Mindfulness During a Pandemic: Developing Calmness in Adverse Situations

man meditating on a field

The COVID-19 pandemic has been a difficult period for everyone. From remote working, homeschooling, worries over health, and economic recession, all these and more have become a basis for the mental health issues that are plaguing us at the moment.

As we spend more time indoors hoping things will return to normal, we rely on distractions and temporary pleasures to deal with the boredom and anxieties. But as the pandemic and lockdowns went on, the long periods we spent in our homes have made us wearier and more desperate to go outside.

In a recent study, psychological morbidity was significantly higher in the U.K. during the COVID-19 pandemic, where women, younger people, and COVID-19 patients are most affected. The affected populations showed high rates of mental health symptoms, such as anxiety, insomnia, and depression.

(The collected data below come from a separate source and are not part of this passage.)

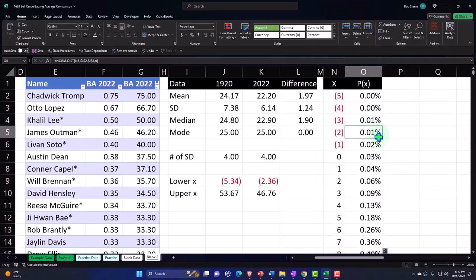I'm going to stop here and we'll continue next time — building the full curve and doing the same for 2022, then looking at the differences between them.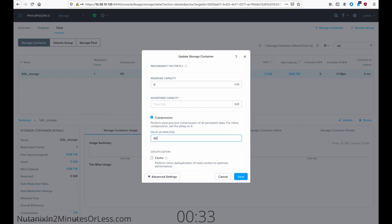So if you want a 60 minute delay, once the data is written, you can put 60 or 120 for 2 hours or 10 minutes if you want that. And then hit save.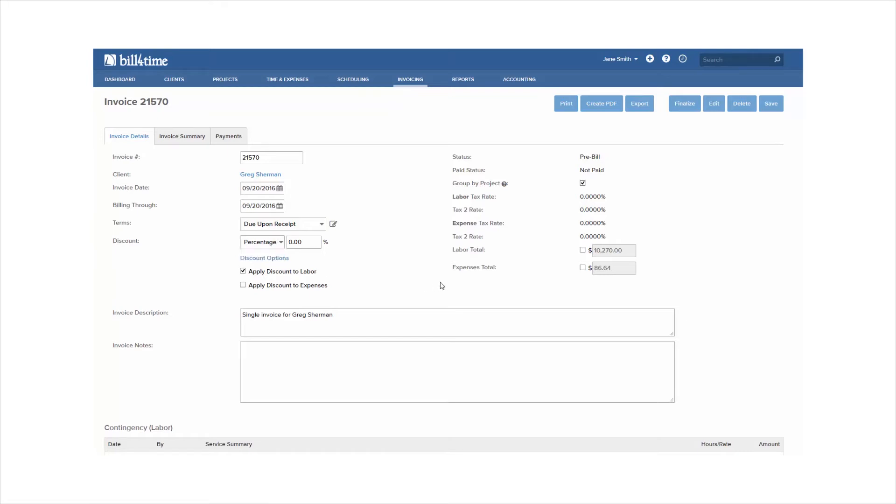To the right, you can also write up or down your invoice totals to adjust them as needed. To learn more, make sure to watch the invoice write-up and down tutorial. You can change your invoice description or add an invoice note, and make sure to click Save for all of these options to make the changes stick on the invoice.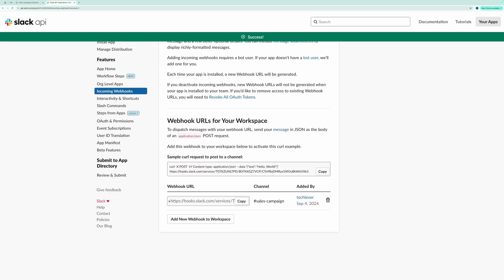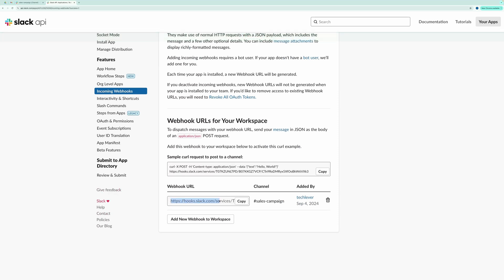And that's it. Your webhook URL is now ready. Copy this URL, as it will be used in the Apps Script to connect your Google Form with Slack.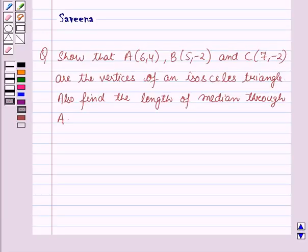Hello and welcome to the session. In this session we will discuss a question which says: show that A(6,4), B(5,-2) and C(7,-2) are the vertices of an isosceles triangle. Also find the length of the median through A.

To beat boredom and loneliness, people are turning to the Internet to look for ways to kill time and get a better hold of the situation. People are binge-watching movies and TV shows, getting into new hobbies, starting online businesses, and trying out fitness routines. Meanwhile, those who want to ease their stress and cope with their anxieties turn to meditation coaches that offer an online Zen meditation course to help them with their mental wellness conditions.

While there are plenty of ways to be busy during a pandemic, meditation is one of the worthwhile activities to enrich your mind, body, and spirit. In these uncertain times, it is important to teach ourselves how to manage our own emotions and mental energy to give ourselves a much-needed break from this pandemic. That being said, here’s a brief discussion on how mindfulness can help us get through these trying times.

What is mindfulness?

Mindfulness is a type of formal meditation. Although many people feel intimidated by the thought of everything involved with meditation, mindfulness is no different from going to the gym to exercise. When it comes to mindfulness, your job is to simply focus on your mind and breath at the same time. As the practice progresses, you’ll soon learn to control your muscles.

Most people confuse mindfulness with other meditation techniques, such as transcendental meditation that focus on using one’s mantra. As a matter of fact, practicing mindfulness doesn’t revolve around meditation alone. It’s all about being present and focusing on what’s going on without reacting to anything. Doing this consistently will help you learn to let go of the things that come at you.

Being nonjudgmental and more accepting is a crucial part of mindfulness. This means you have to refrain from being too critical of the things around you. Although this may seem easy, following a regular mindfulness routine is difficult. It only becomes a skill once you learn how to stay in the moment fully.

man meditating

The benefits of mindfulness during the COVID-19 pandemic

Practicing mindfulness can help us understand the current situation without letting ourselves get carried away with negative emotions. It gives us a sense of peace, balance, and calmness that can benefit our overall health and emotional well-being.

Many people are ignoring the emotional effects of COVID-19 and the potential changes it can cause in our daily lives. Due to the unpredictability of the situation, our emotions reach higher levels than normal circumstances. It leads to a roller coaster of emotions, where we might feel lonely, furious, and confused at the same time. To overcome this, people have to work on their ability to set the balance in response to different stressors.

People should take advantage of mindfulness to get a better hold of their minds and emotions. Aside from exercise, good nutrition, and exercise, investing some time in meditation will help develop a better response in times of adverse situations.

Practicing mindfulness

There are plenty of ways to incorporate mindfulness into your daily routine. During the practice, you have to expand your conscious awareness. This means you have to focus on your present experience during the meditation, including the flow of your breathing. As you focus on your breath, allow your mind to drift on your emotions and thoughts without passing any judgment.

The key to practicing mindfulness involves three aspects: paying attention in the present, doing the act deliberately and purposely, and maintaining an attitude to stick with your practice.

As we wait for the pandemic to die down, it’s important to look for complimentary treatments to work on our emotional, behavioral, and psychological processes to prevent the negative effects of the COVID-19. Learning how to practice mindfulness can help us tolerate the uncertainty and frightening possibilities that are plaguing the world currently. For now, allow yourself to savor all the potential benefits of mindfulness to your overall health and well-being.